There’s no universal threshold, but sustained steal above ~5% during user-visible latency is a strong sign of contention. Bursty steal is common; sustained steal is a capacity or scheduling problem.
2) Why is load average high when CPU usage is low?
Because load counts runnable tasks and tasks stuck in uninterruptible sleep (usually waiting on IO). High IO latency produces high load without high CPU.
3) Should I disable ZFS atime?
For VM storage and most server workloads, atime=off is usually the right call to avoid extra writes. If you have a workload that relies on atime semantics, keep it on for that dataset only.
4) Is ZFS ARC “stealing” memory from VMs?
ARC uses available memory aggressively by design, but it can be reclaimed. The real problem is when the host swaps or when ballooning pushes guests into swap. Cap ARC if the host is under memory pressure.
5) Is adding an L2ARC SSD a good idea for Proxmox?

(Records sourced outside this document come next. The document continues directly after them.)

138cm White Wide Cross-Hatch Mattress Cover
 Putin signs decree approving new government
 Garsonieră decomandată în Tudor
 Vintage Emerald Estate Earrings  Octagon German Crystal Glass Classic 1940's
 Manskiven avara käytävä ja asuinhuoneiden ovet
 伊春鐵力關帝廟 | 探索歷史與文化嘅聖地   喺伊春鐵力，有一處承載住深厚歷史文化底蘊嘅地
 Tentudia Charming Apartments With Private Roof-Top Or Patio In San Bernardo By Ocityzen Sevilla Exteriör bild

Sometimes, but not as a default. L2ARC consumes RAM for metadata and helps mostly with read-heavy working sets that don’t fit in ARC. If you’re short on RAM, L2ARC is often a performance regression.
6) My IO wait is high. Does that mean I need faster disks?

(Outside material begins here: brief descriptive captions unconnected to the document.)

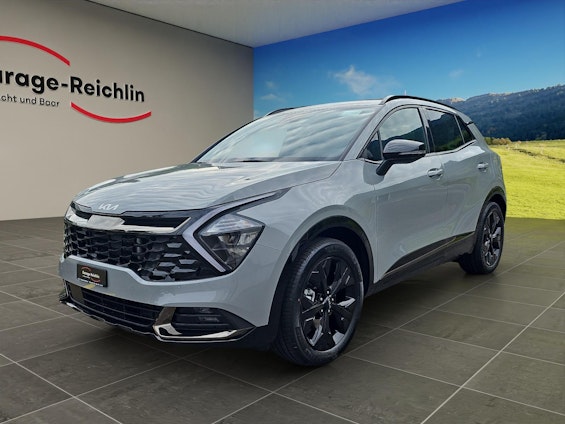 First vehicle image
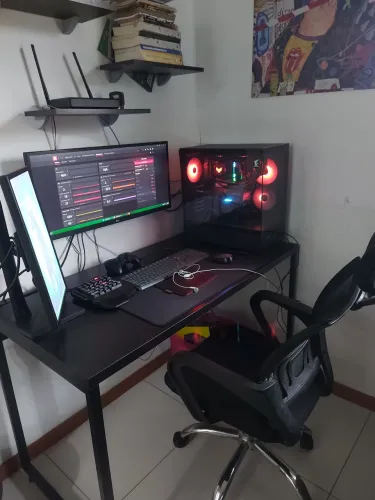 Setup Completo (PC Gamer + Monitores + Periféricos + Mobília) - Ryzen 7 5700X e RX 9060 XT
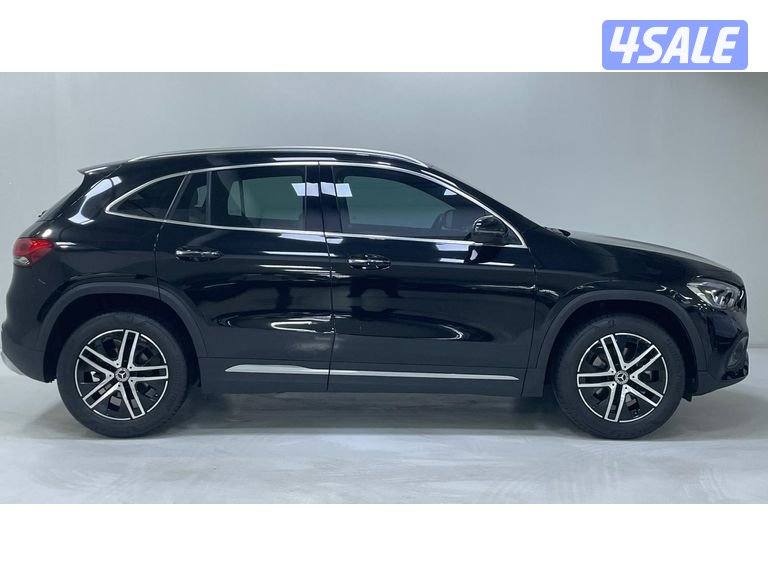 Mercedes-Benz GLA4
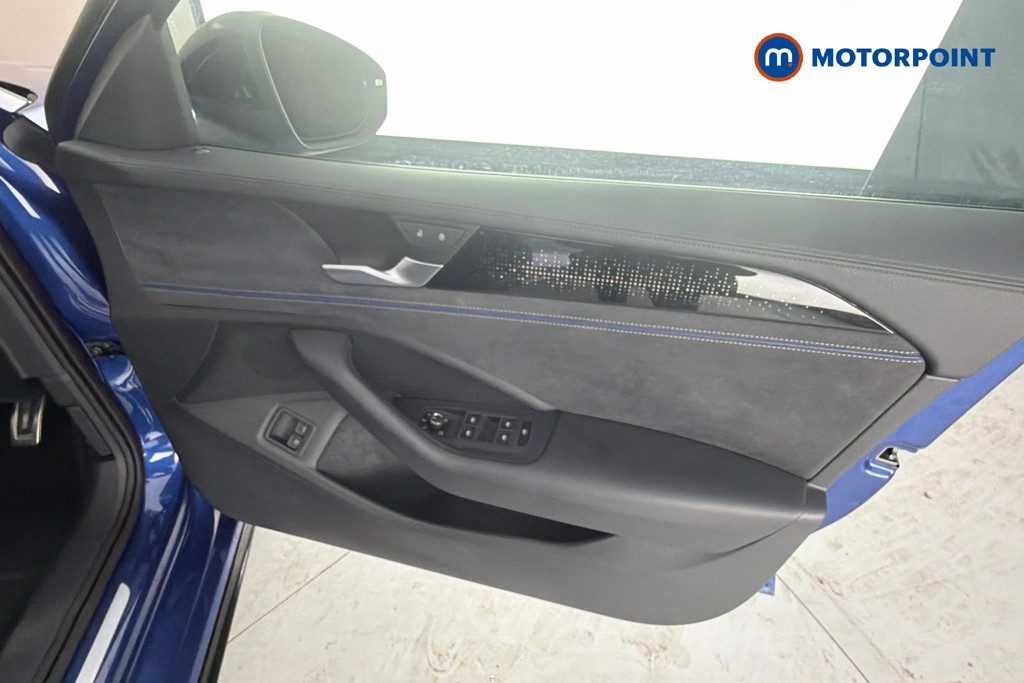 Volkswagen Passat R-Line Automatic Petrol Plug-In Hybrid Estate - Stock Number (1659609) - 19th supplementary image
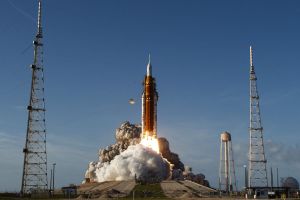 It’s Up to SpaceX and Blue Origin to Stick the Moon Landing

Maybe, but first find out what kind of IO it is. One VM doing sync-heavy random writes can saturate excellent hardware. Identify the offender, the access pattern, and whether your storage layout matches it.
7) Should I give every VM lots of vCPUs “just in case”?

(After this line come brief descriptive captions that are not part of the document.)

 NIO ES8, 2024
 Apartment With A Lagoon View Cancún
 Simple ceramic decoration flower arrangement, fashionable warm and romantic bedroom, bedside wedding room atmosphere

No. Oversizing vCPUs increases scheduling friction and can worsen tail latency for everyone. Start smaller, measure, and scale vCPU only when the workload proves it benefits.
8) Are Proxmox backups supposed to hurt performance?
Backups consume IO. The question is whether the system is designed to absorb it: separate backup storage, throttling, and concurrency limits. If backups regularly cause production incidents, your backup design is incomplete.
9) How do I quickly find the noisy-neighbor VM on a node?
Use iotop -oPa to find IO-heavy QEMU processes and map their PIDs to VMIDs via qm list. For CPU contention, use mpstat and ps sorted by CPU, then correlate.
10) Should I turn off ballooning?
For critical latency-sensitive VMs, often yes—ballooning can create unpredictable memory pressure. For less critical workloads, ballooning can increase density. The key is to avoid host swap at all costs.
Conclusion: next steps that actually move the needle
If your Proxmox node is slow, stop debating and start attributing: capture mpstat, vmstat, iostat -x, and zpool iostat. Decide whether the limiter is CPU scheduling (steal), storage latency (iowait + await), or memory pressure (swap/reclaim). Then name the top offender VM with iotop and qm list.
From there, do the unsexy fixes first: cap ARC to protect the host, stop host swapping, right-size vCPUs, and throttle backups. Only then consider structural changes like faster vdevs, separate pools for latency-sensitive workloads, or adding a properly-engineered SLOG. Performance tuning without diagnosis is just improvisational spending.